Driver Require suggested in its report that one helpful move would be “to amend the Working Hours Directive and Tachograph Hours legislation to limit working hours or enforce longer breaks”.
Starmer sides with employers
Keir Starmer, meanwhile, stands four-square with the employers. “It is a complete crisis,” he said on The Andrew Marr Show on BBC on 26 September, parroting the RHA claims of a 100,000 HGV driver shortage and stoking the panic. “Would you as prime minister bring in 100,000 foreign drivers to solve this crisis?” asked Marr. “We’re going to have to do that,” said Starmer.
What’s really panicking employers is that they are having to pay more for drivers. The supermarkets in particular are digging into their pockets, according to a survey by Retail Gazette.

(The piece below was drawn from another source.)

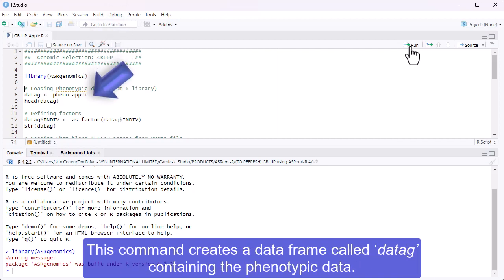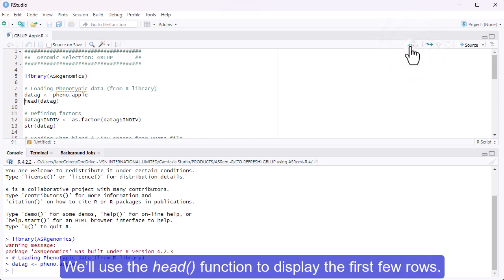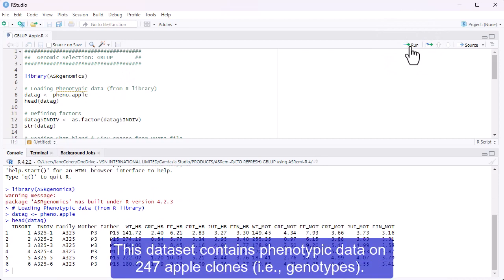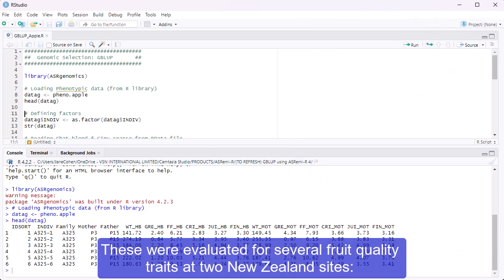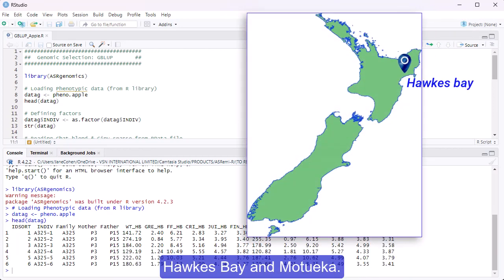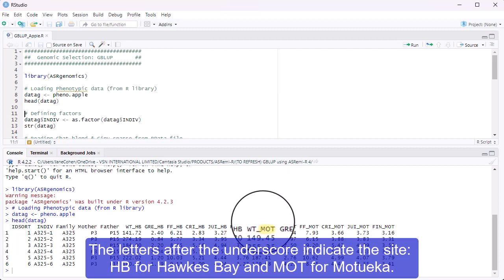This command creates a data frame called DAYTAG containing the phenotypic data. We'll use the HEAD function to display the first few rows. This dataset contains phenotypic data on 247 apple clones, i.e. genotypes. These were evaluated for several fruit quality traits at two New Zealand sites, Hawke's Bay and Motueka. The letters after the underscore indicate the site: HB for Hawke's Bay and MOT for Motueka.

Salaries are up £5,000 at John Lewis. There’s a £2,000 sign-on payment at Marks and Spencer, plus up to £3,000 more in incentives. Poundland will pay the cost of getting an HGV Class 1 licence (for articulated lorries), and is paying £1,000 bonuses at some depots.
Tesco brought in a £1,000 signing-on payment, and raised pay at the Hemel Hempstead, Hertfordshire, depot of its subsidiary Booker Retail Partners by £5 an hour – though that is only a temporary move. Presumably Tesco is hoping that Keir Starmer’s plan will be implemented and it can bring wages back down.
The employers may find that an uphill struggle. When the 40 drivers at the Booker depot in Thamesmead, south-east London, learnt of their Hemel Hempstead colleagues’ success they demanded the same – and when denied it voted unanimously to strike.
The company has rapidly had to make a serious offer to the Thamesmead drivers, who supply 1,500 Londis, Premier, Budgen and Happy Shopper stores across London and the South East.